------ Data to use ------
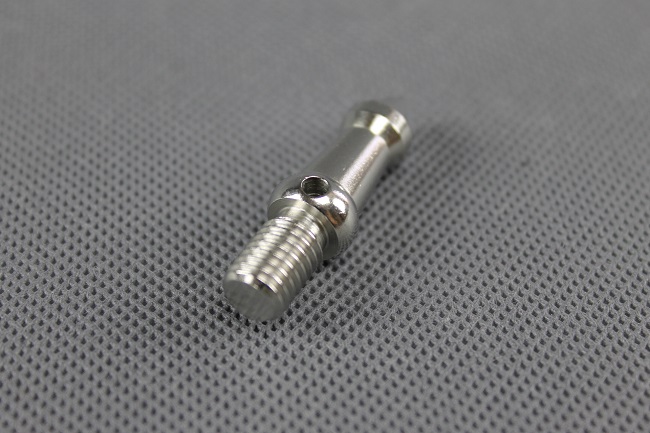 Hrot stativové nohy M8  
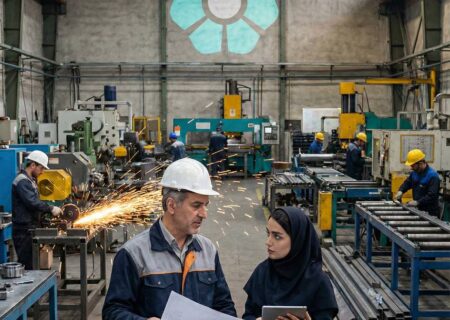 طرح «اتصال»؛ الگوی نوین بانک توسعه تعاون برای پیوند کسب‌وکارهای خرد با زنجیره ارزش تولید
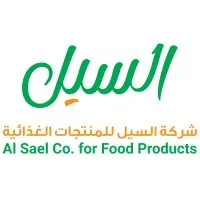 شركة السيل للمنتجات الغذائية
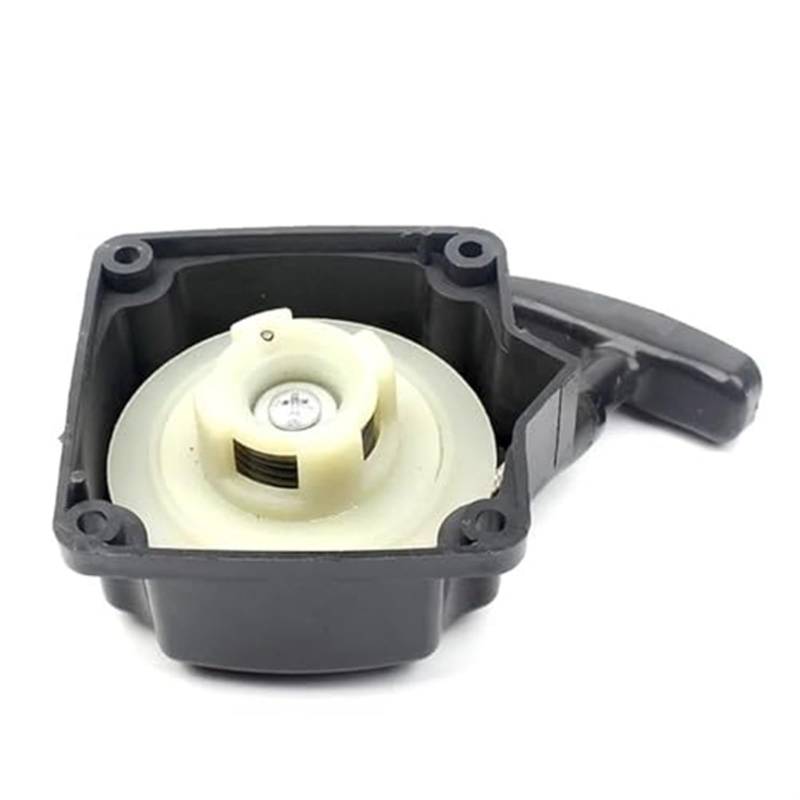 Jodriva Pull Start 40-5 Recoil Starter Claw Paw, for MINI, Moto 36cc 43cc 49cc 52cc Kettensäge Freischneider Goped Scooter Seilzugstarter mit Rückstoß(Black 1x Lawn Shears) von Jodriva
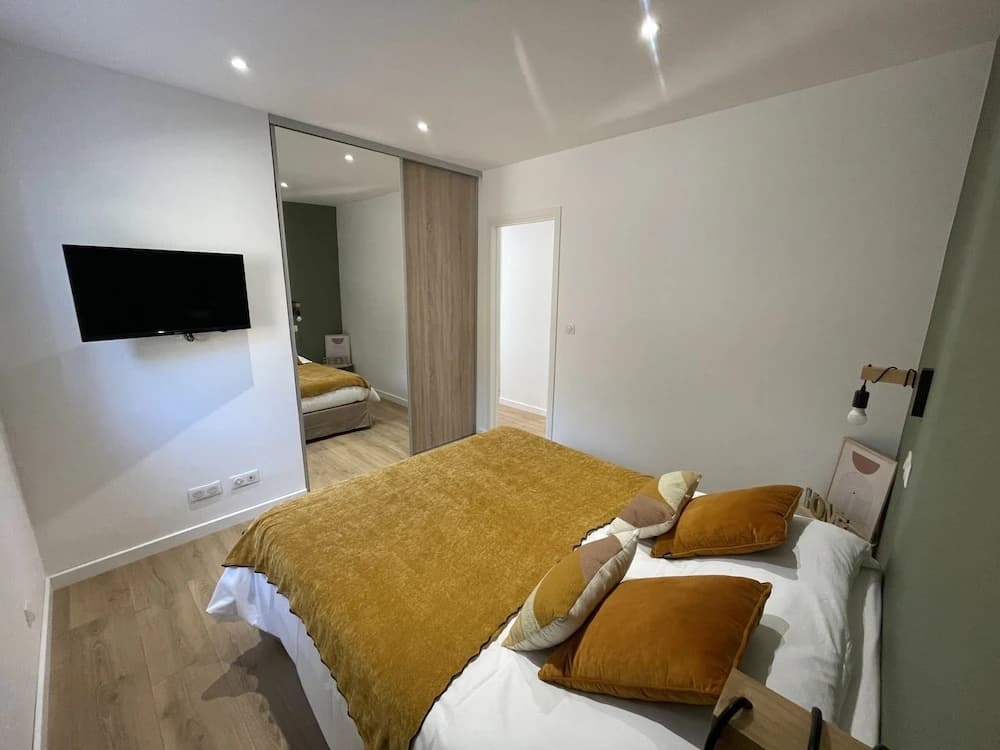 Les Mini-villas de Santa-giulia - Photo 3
------
------ Data to use ------
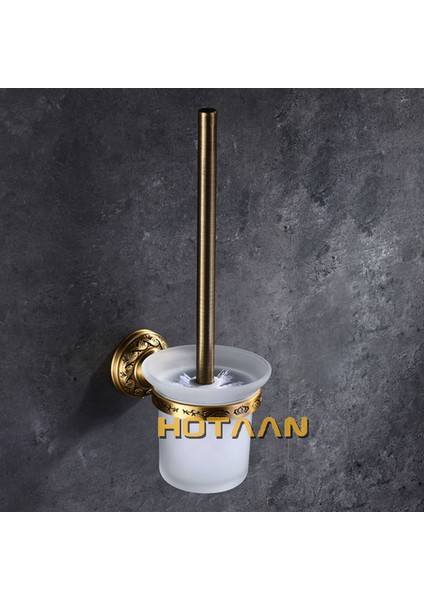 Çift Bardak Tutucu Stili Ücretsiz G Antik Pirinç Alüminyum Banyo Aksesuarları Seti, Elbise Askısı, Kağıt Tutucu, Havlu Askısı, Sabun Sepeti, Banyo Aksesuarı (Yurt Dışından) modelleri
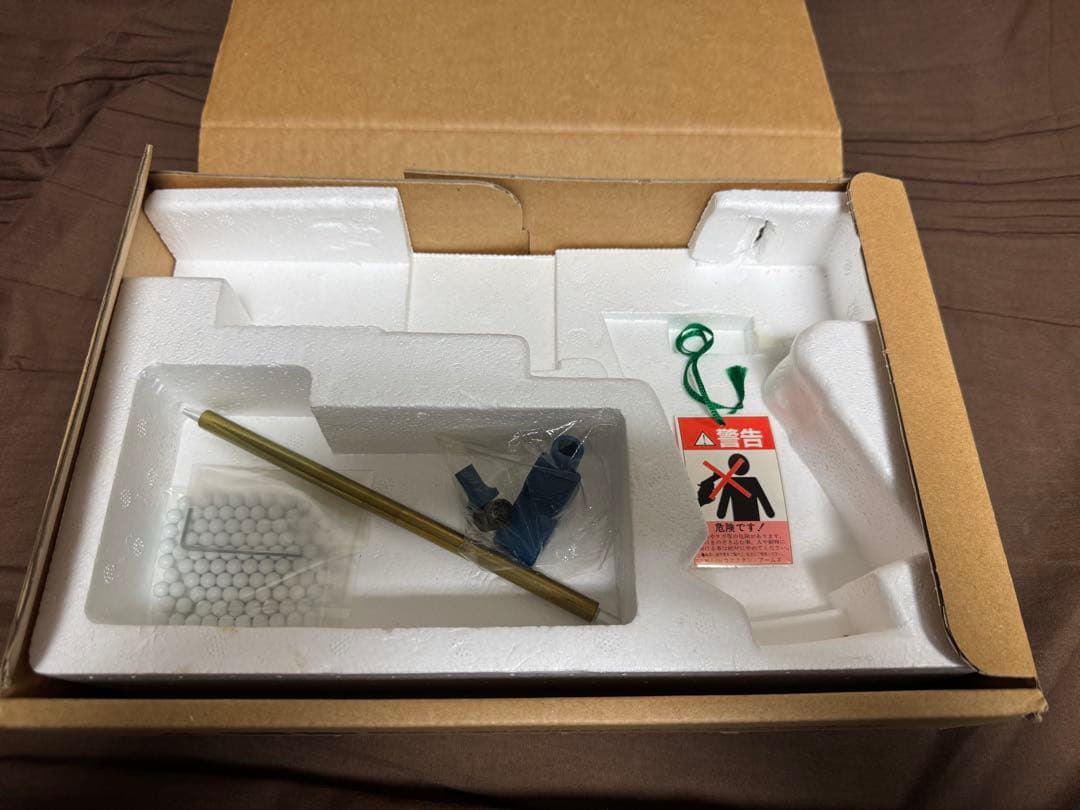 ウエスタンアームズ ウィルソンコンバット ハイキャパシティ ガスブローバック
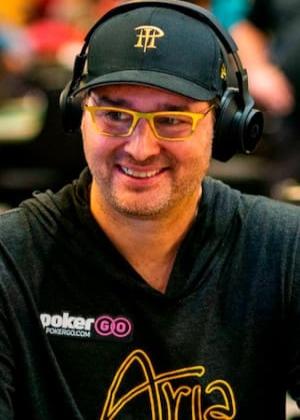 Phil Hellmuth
------
------ Data to use ------
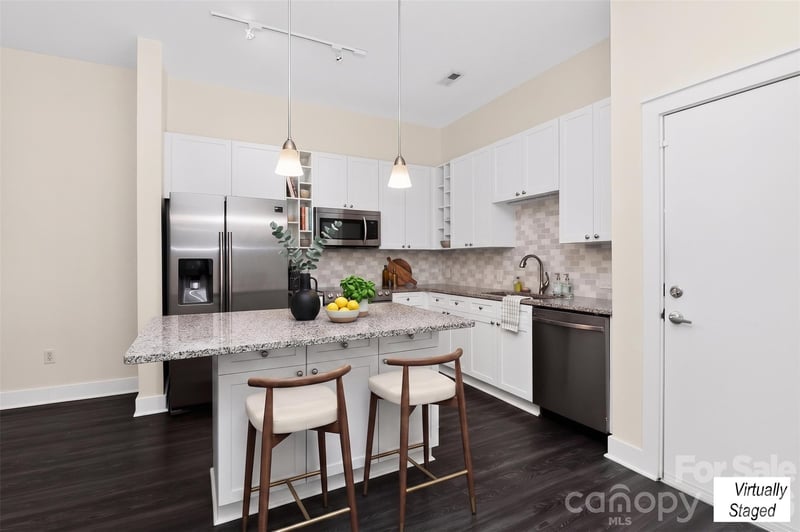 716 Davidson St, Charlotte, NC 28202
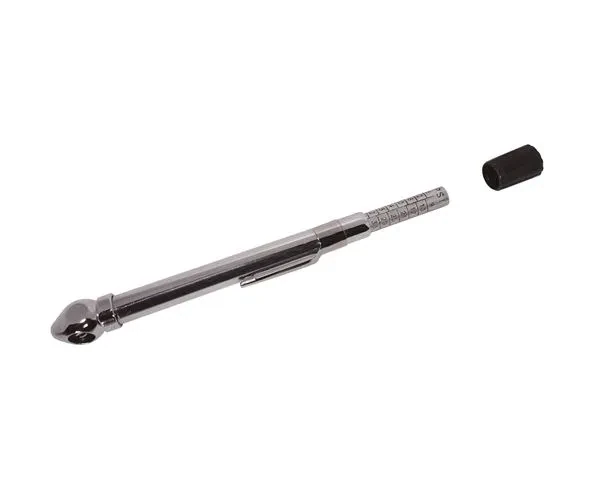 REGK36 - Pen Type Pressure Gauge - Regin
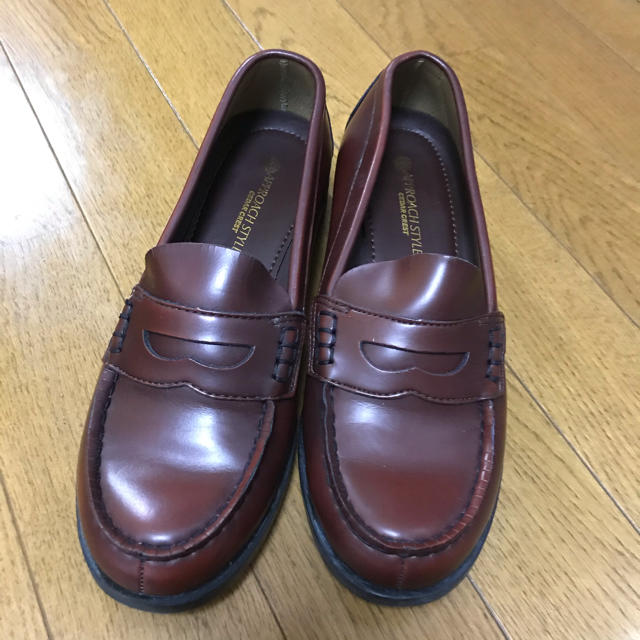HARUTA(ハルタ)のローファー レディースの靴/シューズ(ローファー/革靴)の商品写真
------
## Aim of the exercise
Starting at the line containing "REGK36 - Pen Type Pressure Gauge - Regin" and stopping at the line containing "HARUTA(ハルタ)のロー", output each line exactly as it appears above. Leave out the pictures.

## The answer
 REGK36 - Pen Type Pressure Gauge - Regin
HARUTA(ハルタ)のローファー レディースの靴/シューズ(ローファー/革靴)の商品写真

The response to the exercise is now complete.